Brief descriptive captions
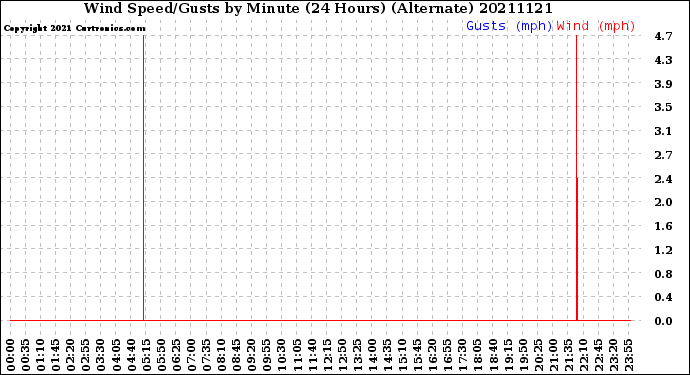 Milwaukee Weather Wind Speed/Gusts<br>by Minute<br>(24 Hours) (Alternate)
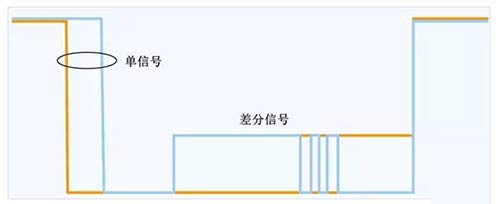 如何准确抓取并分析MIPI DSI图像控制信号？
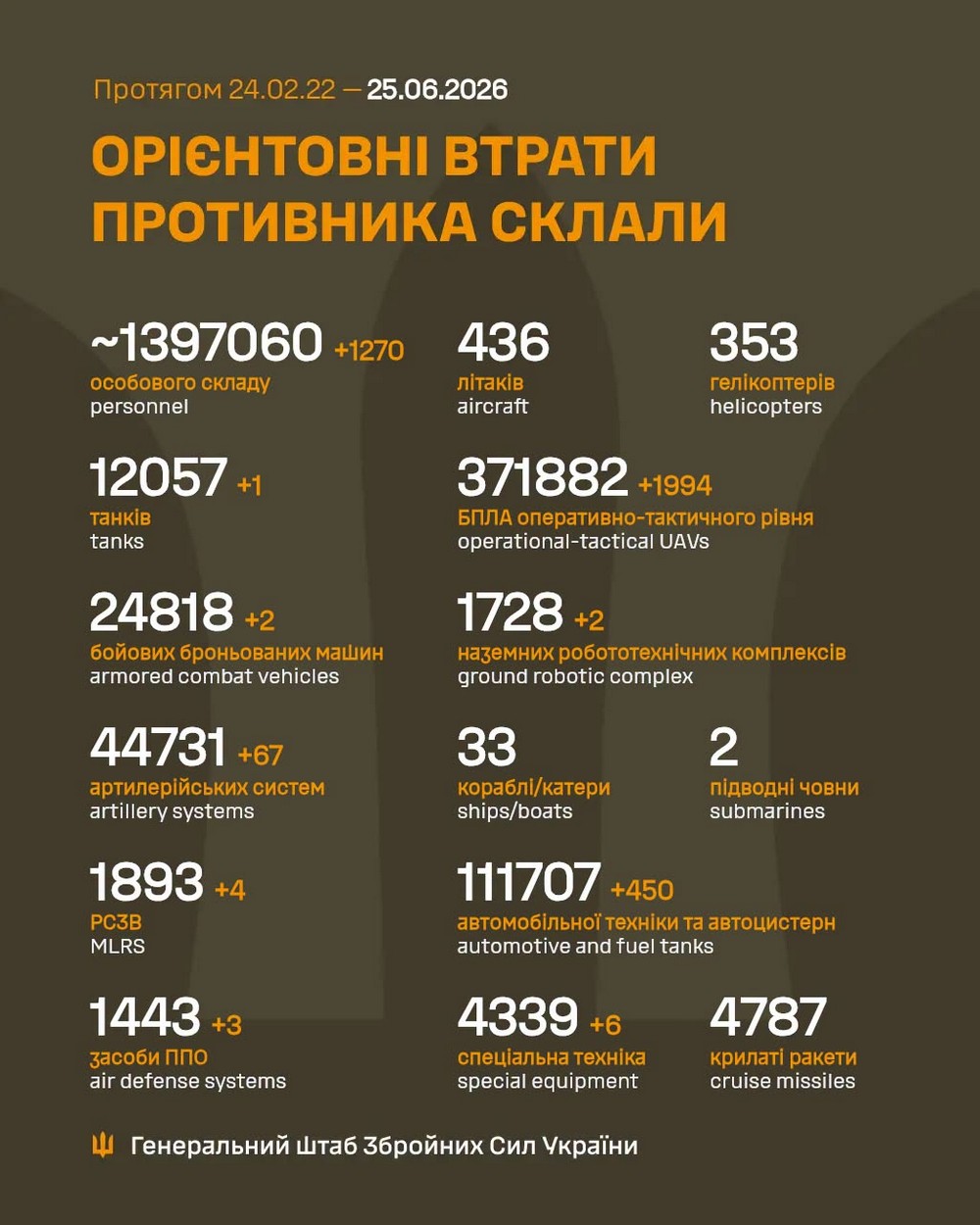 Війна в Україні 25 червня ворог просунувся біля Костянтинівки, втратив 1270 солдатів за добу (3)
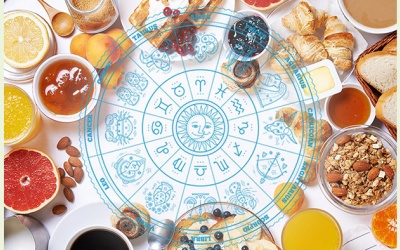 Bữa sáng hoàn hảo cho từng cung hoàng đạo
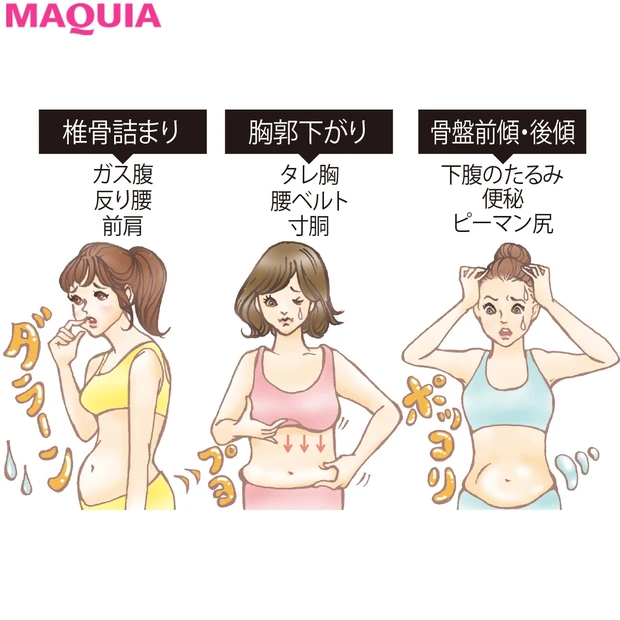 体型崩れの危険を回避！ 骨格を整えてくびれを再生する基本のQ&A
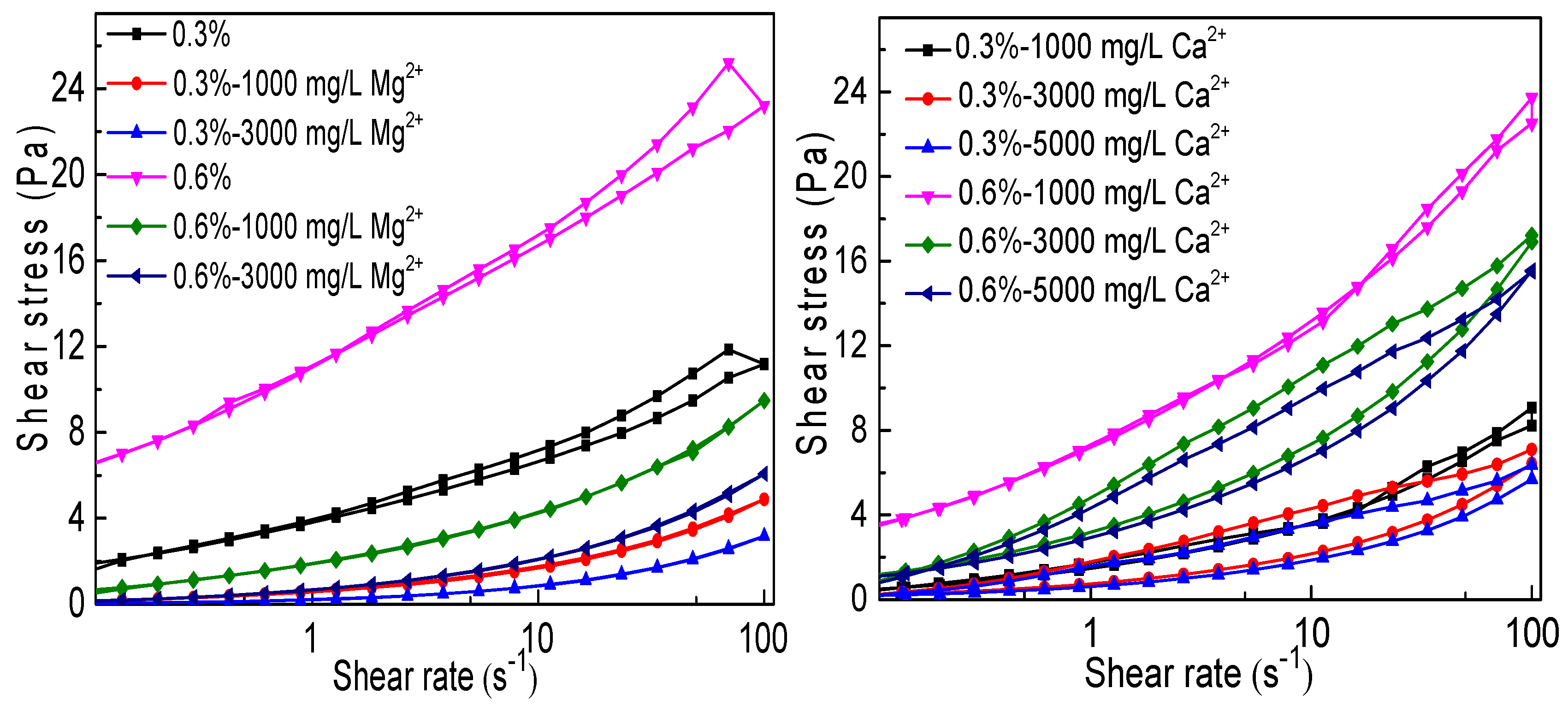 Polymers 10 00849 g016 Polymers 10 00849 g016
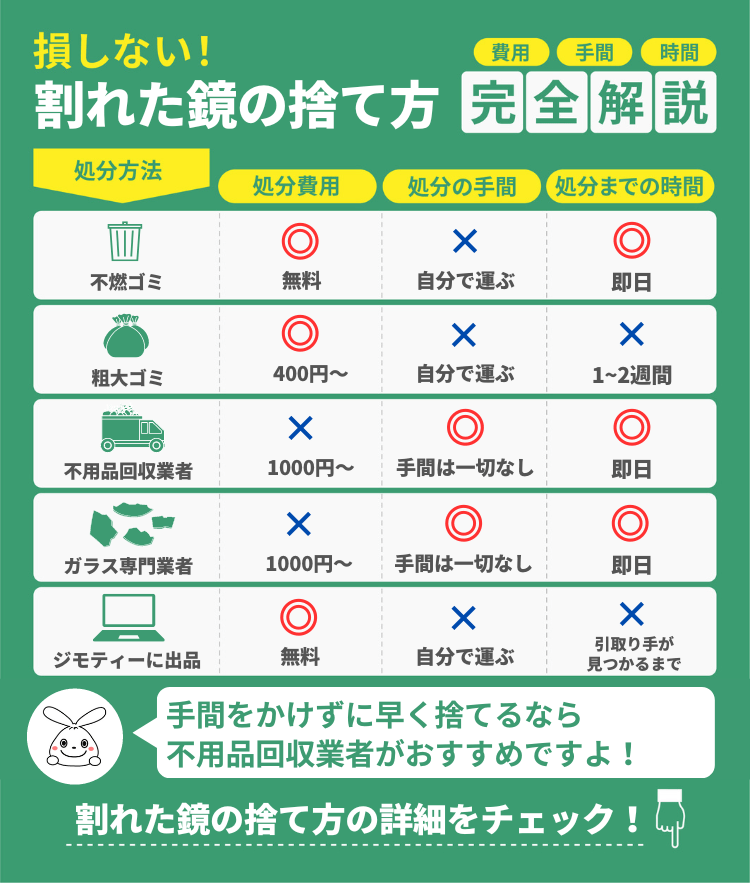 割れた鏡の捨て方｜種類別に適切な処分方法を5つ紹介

**WHAT TO WORK ON:** Set down each entry above exactly as it appears. Omit the pictures.

**TASK RESPONSE:**
 Milwaukee Weather Wind Speed/Gusts<br>by Minute<br>(24 Hours) (Alternate)
 如何准确抓取并分析MIPI DSI图像控制信号？
 Війна в Україні 25 червня ворог просунувся біля Костянтинівки, втратив 1270 солдатів за добу (3)
 Bữa sáng hoàn hảo cho từng cung hoàng đạo
 体型崩れの危険を回避！ 骨格を整えてくびれを再生する基本のQ&A
 Polymers 10 00849 g016 Polymers 10 00849 g016
 割れた鏡の捨て方｜種類別に適切な処分方法を5つ紹介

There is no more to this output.